Most people in management positions focus on systems and processes like running a payroll or production line. They want reliability, predictability, control, and stability, which are important for much of the business. But when they apply this approach to people, things go downhill. This approach results in 71% of the people globally being unengaged and 19% being actively disengaged. Morale, safety and engagement are a mess. Managers engage in managership, and this will not solve the problem of building higher levels of engagement.
People in manager positions need to become stronger leaders. They need to spend several hours every day with the people around them, as well as those reporting to them. They need to go into their workplaces, talking respectfully with the people, sharing information, building trust and interdependence, listening and learning together. In doing this with quality, focused conversations, people open up, share ideas and come up with better ways to do their work. When I did this when I was a Plant Manager in a chemical plant with about 1,300 people and lots of hazardous chemicals and demanding jobs, our injury rate dropped by 98%, productivity rose by 45% and earning rose by 300%. The people were involved and committed because they wanted to be. I just set the conditions where this could happen.
I need to emphasize that respect in the workplace is so very important. Lack of respect degrades everything. Lack of respect leads to harassment, bullying, sabotage, fighting, and even murder. The leaders set the tone and the standards. Bullying is a problem in over half of our workplaces and about half the bullying is from managers. This is just unacceptable. Not only does it demean the people, it causes safety problems and wrecks involvement and productivity.
If the people at the top of our organizations really want to improve involvement, the treatment of people, safety and earnings, then they can do it. It is a matter of will. The knowledge and pathways are well known and proven.

Leaders are people who have a vision of what is possible, are concerned and care enough to make a difference, have the courage and commitment to do the work, and truly engage with people to learn, grow and to achieve their results. These are people who regularly go into their organizations, walk around, have the important conversations about getting better, building a respectful workplace, listening carefully, building trust and interdependence, and helping the people to be the best they can be. They create environments where it is safe to openly talk together, ask questions, share information, think out-loud and build a better future.
Lots of managers talk about the need for organizations to change and improve. But as I talk with people, go to conferences and read the safety literature, I hardly ever encounter anyone leading this way. So many managers do not know what it means to lead.
In our Partner-Centered Safety realm, we go beyond this to having everyone (the people on the floor, the supervisors, the managers, and all the others) feel they are cared about. Caring means helping each other, listening to each other, sharing information, being respectful, asking for help and receiving it, looking out for each other, saying we are sorry when we make a mistake, and treating each other as whole persons. Just what caring means for people is something on which they should all agree. Management, alone, should not do it for their approach can often be quite patronizing – treating the people in the work place as if they are children. All the people, at all levels, together, need to come up with their ideas about what caring is for them. Management should not try to dictate the answers, but management needs to open up and lead this discussion about caring or it will not be addressed. Caring is visible; as is non-caring. Partner-Centered Safety is visible caring. Mistreatment of people is non-caring.

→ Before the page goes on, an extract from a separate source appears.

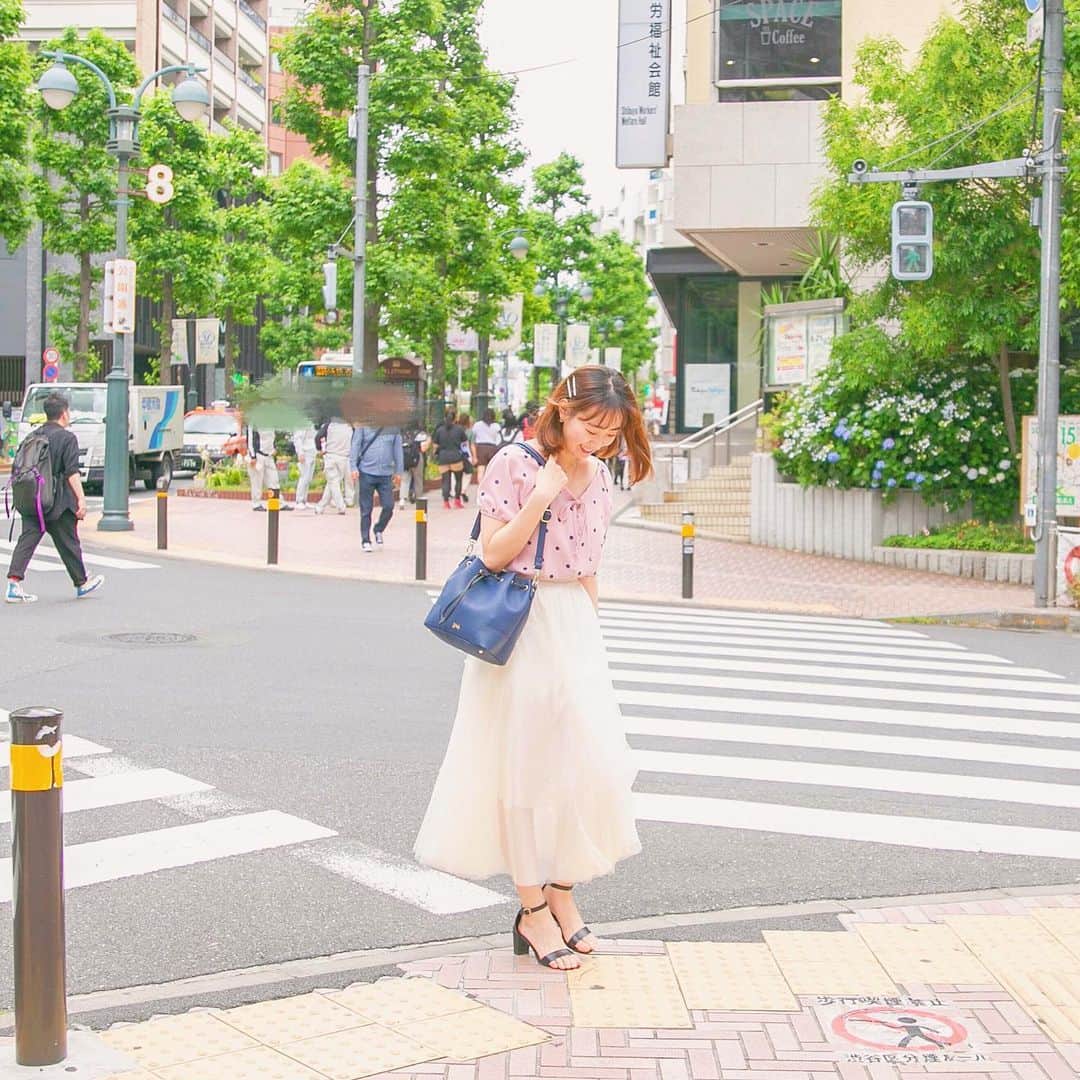 SuperGroupiesのインスタグラム：「＼フォロー&いいねで／﻿ イタリアさんの財布をプレゼント🎁 （詳細は下からCheckしてね✅） ⠀⠀⠀⠀⠀⠀⠀ ⠀⠀⠀⠀⠀⠀⠀ 本日のスパグルPick Up📌 コロンとしたシルエットがたまらない☺️ #ヘタリア コラボバッグ💙💙💙 ⠀⠀⠀⠀⠀⠀⠀ ⠀⠀⠀⠀⠀⠀⠀ カラーリングは イタリアさんが着ている衣装をイメージ！ ユニークで大人可愛い色味なのが嬉しいポイント✨ ⠀⠀⠀⠀⠀⠀⠀ ──────────────────────﻿ 🇮🇹Today’s Item🇮🇹 #Hetalia World☆Stars Collaboration series Italy model #bag / ￥11,800 +tax ※数量限定販売中です。 Only a limited amount available now! ──────────────────────﻿ ⠀⠀⠀⠀⠀⠀⠀ ⠀⠀⠀⠀⠀⠀⠀ ここで… こちらのバッグとお揃いのデザインの財布を プレゼントするキャンペーンのお知らせです💁‍♀️🗯️ ⠀ ⠀⠀ ⠀⠀⠀⠀⠀⠀⠀ 応募条件を満たした方の中から抽選で、﻿ 【1名様】にこちらのアイテムをプレゼント🎉﻿ ＝＝＝＝＝＝＝＝＝＝＝＝＝＝＝＝＝＝＝＝＝＝＝﻿ 🎁プレゼント商品🎁﻿ 『ヘタリア World☆Stars』 #イタリア モデル 財布 ＝＝＝＝＝＝＝＝＝＝＝＝＝＝＝＝＝＝＝＝＝＝＝﻿ ⠀⠀⠀⠀⠀⠀⠀ ⠀⠀⠀⠀⠀⠀⠀ 下記の詳細をチェックして、 #ヘタリア コラボアイテムを当てよう💓 ＝＝＝＝＝＝＝＝＝＝＝＝＝＝＝＝＝＝＝＝＝＝＝﻿ 🎁キャンペーン期間🎁 6/27（木）〜7/3（水）23時59分まで﻿﻿ ⠀⠀⠀⠀⠀ ⠀⠀⠀⠀⠀ 🎁応募方法🎁 カンタン2ステップで応募できます！ ─────────────────────﻿ 1️⃣SuperGroupies 公式アカウント（ @supergroupies ）をフォロー﻿ 2️⃣この投稿を「いいね！」 ─────────────────────﻿ 📍「いいね！」する対象投稿はこの投稿を含め3つ！ 📍3つ全部に「いいね！」をすると当選確率がアップ！ ⠀⠀⠀⠀⠀⠀⠀ ⠀⠀⠀⠀⠀⠀⠀ 🎁注意事項🎁 📍当選者には7月31日(水)までに当店のアカウントからDMをお送りします。 📍当選商品の発送は日本国内に限らせていただきます。﻿ 📍当選した方はこちらのアカウント・ライブ配信にて紹介させていただく場合がございますので、予めご了承ください。﻿ ⠀⠀⠀⠀⠀⠀⠀ ＝＝＝＝＝＝＝＝＝＝＝＝＝＝＝＝＝＝＝＝＝＝＝﻿ ⠀⠀⠀⠀⠀⠀⠀ ⠀⠀⠀⠀⠀⠀⠀ ご応募は7月3日（水）まで！⠀ たくさんの「いいね！」お待ちしております👏﻿ ⠀⠀⠀⠀⠀ ⠀⠀⠀⠀⠀ ご質問等ございましたらコメント欄にて承ります🎀﻿ ⠀ ⠀⠀⠀⠀⠀⠀⠀ ⠀⠀⠀⠀⠀⠀⠀ ⠀⠀⠀⠀⠀⠀⠀ ⠀⠀⠀⠀⠀⠀⠀ #supergroupies #anime #japaneseanime #スーパーグルーピーズ #アニメ #アニメコラボ #コラボグッズ #ファッションにアニメを #ヘタリアイタリア #axispowershetalia #hetaliaitaly #ドット柄 #ドットトップス #スカートコーデ #チュールスカート #ピンクコーデ #サンダルコーデ #バッグ #ミニ財布 #財布 #夏ファッション #きれいめカジュアル #プレゼントキャンペーン」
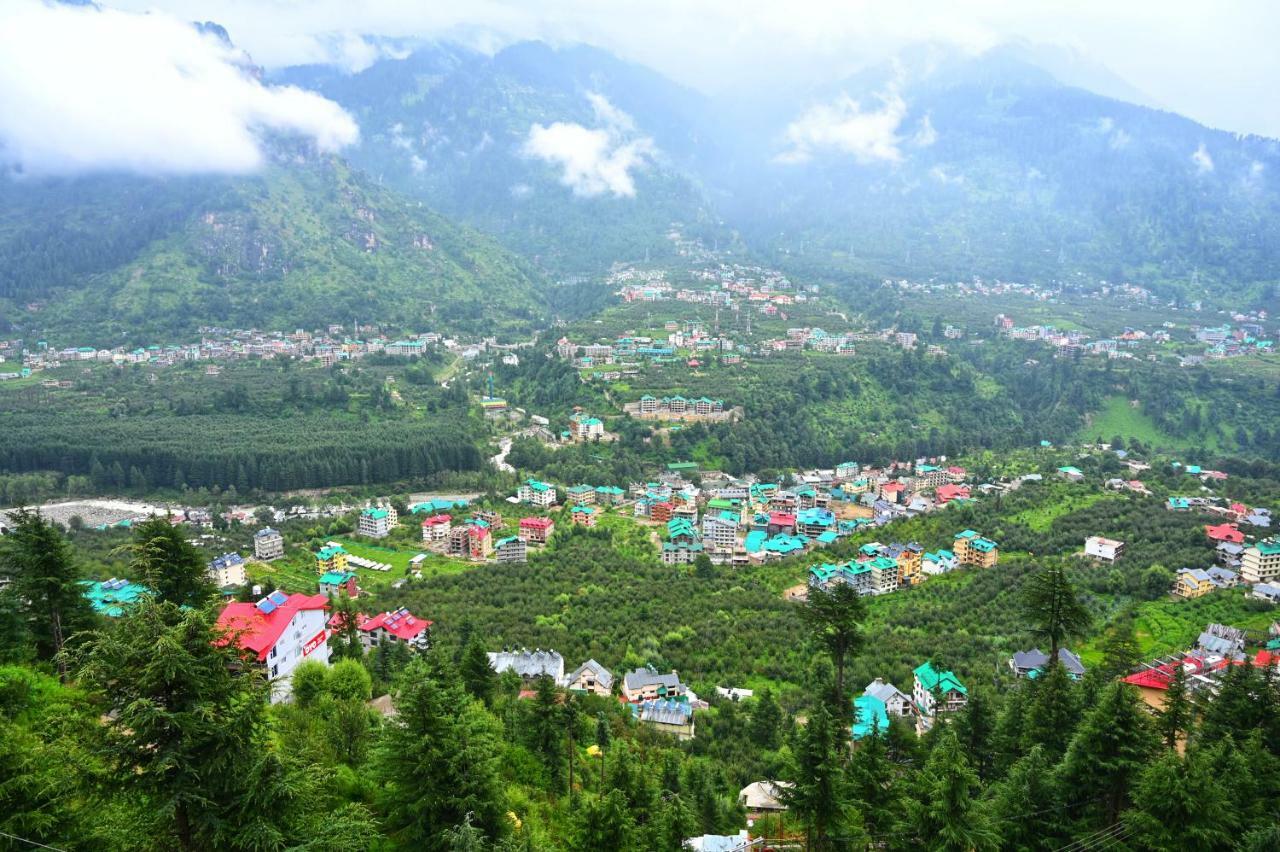Highq Manali Hotel Bagian luar foto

There are three main aspects to Partner-Centered Safety.
But, the machine view of organizations is the dominant paradigm right now. We direct the people to work in tight procedures. We manipulate them to do things right. We punish them when there is an injury or incidents. We look for root-cause. We think that if we can take things apart and understand the parts that we can understand the whole. Almost all the effort is engaged in doing things TO the people as if they were just interchangeable parts of a machine. Most people push back against authority in this paradigm. This is a win/lose environment.
People are often reluctant to speak up in these negative environments. Ideas for improvement never surface. New employees are negatively influenced and led astray. Supervisors have a very rough time getting the people to do their work properly. Grievance rates are high and much time is wasted needlessly because these are not addressed at an early stage.
As managers go into their workplaces, walking around watching, listening and sharing with true authenticity and interest, trust and interdependence build. People learn to open up, to share, to point out possible areas for improvement, and to realize that they are a critical part of the whole safety effort. A huge, positive shift in the safety culture occurs. The people close to the actual, physical work are often in the best position to see potential hazards that are not visible to the managers. The managers often need to push to meet production schedules so it is easy for them to miss these potential hazards. Therefore, having the active help of those closest to the work is an important piece of the total safety effort. This is one way we avoid disasters like the Deepwater Horizon explosion and fire.
Things do not have to be this way! Most of the people know that this is counter-productive but that is the way it is. However, when we engage the people from across the organization in the Complexity Leadership Process, guiding them in a purposeful conversation of discovery that changes everything, they find it does not have to be that way!